Top of Source data

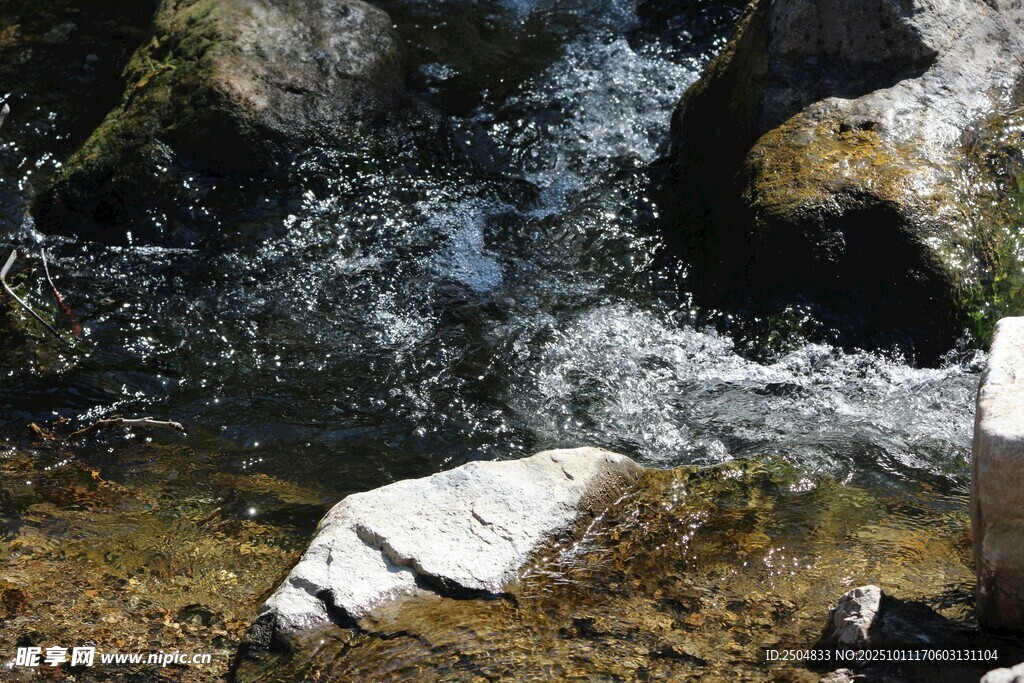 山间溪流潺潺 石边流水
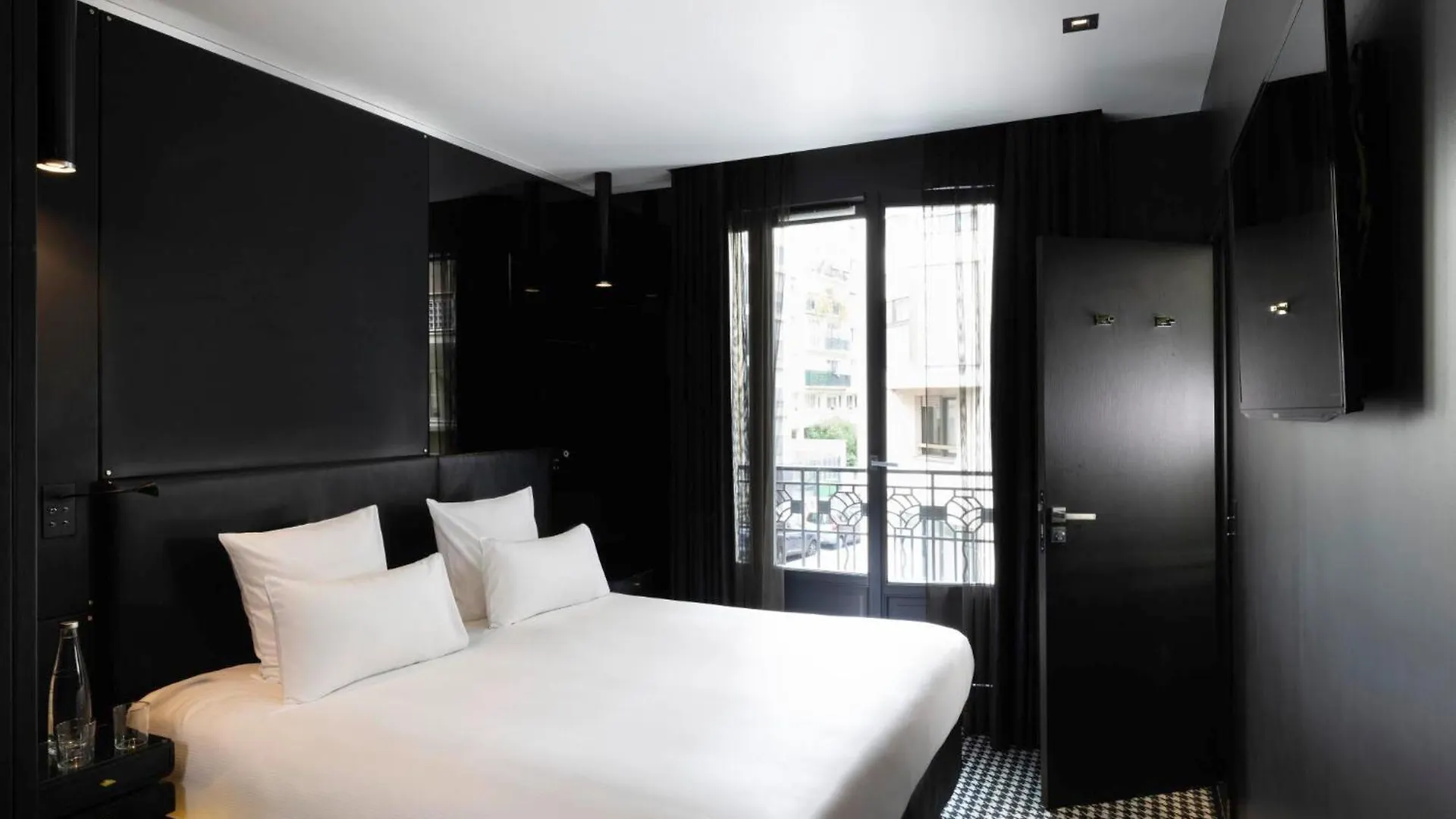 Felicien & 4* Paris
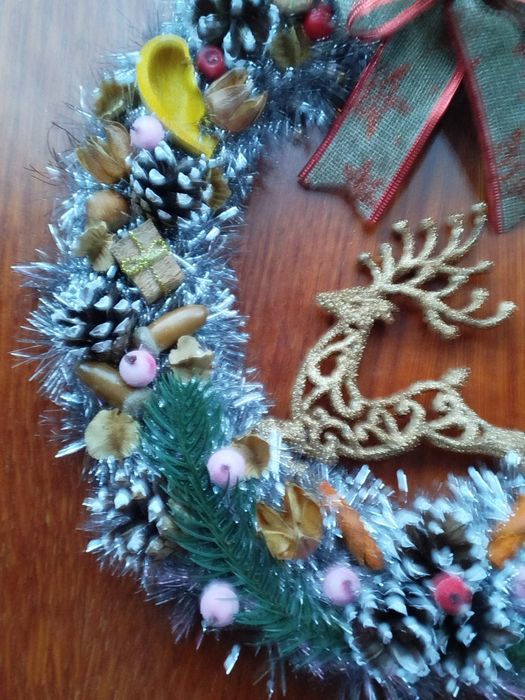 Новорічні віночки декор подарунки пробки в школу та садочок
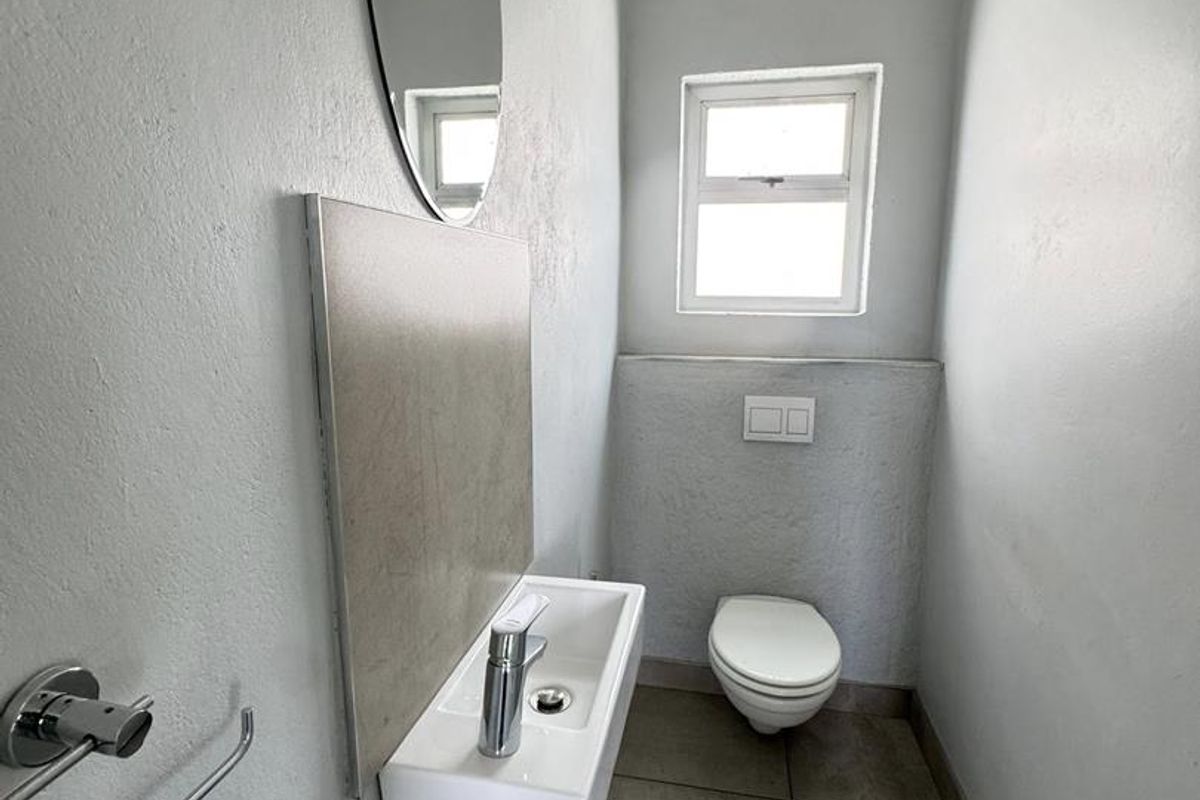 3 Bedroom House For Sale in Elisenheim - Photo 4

Bottom of Source data

Work instructions: Your answer should consist solely of the lines from the one holding "Felicien & 4* Paris" through the end of the listing, reproduced exactly and without pictures.

Exercise response:
 Felicien & 4* Paris
 Новорічні віночки декор подарунки пробки в школу та садочок
 3 Bedroom House For Sale in Elisenheim - Photo 4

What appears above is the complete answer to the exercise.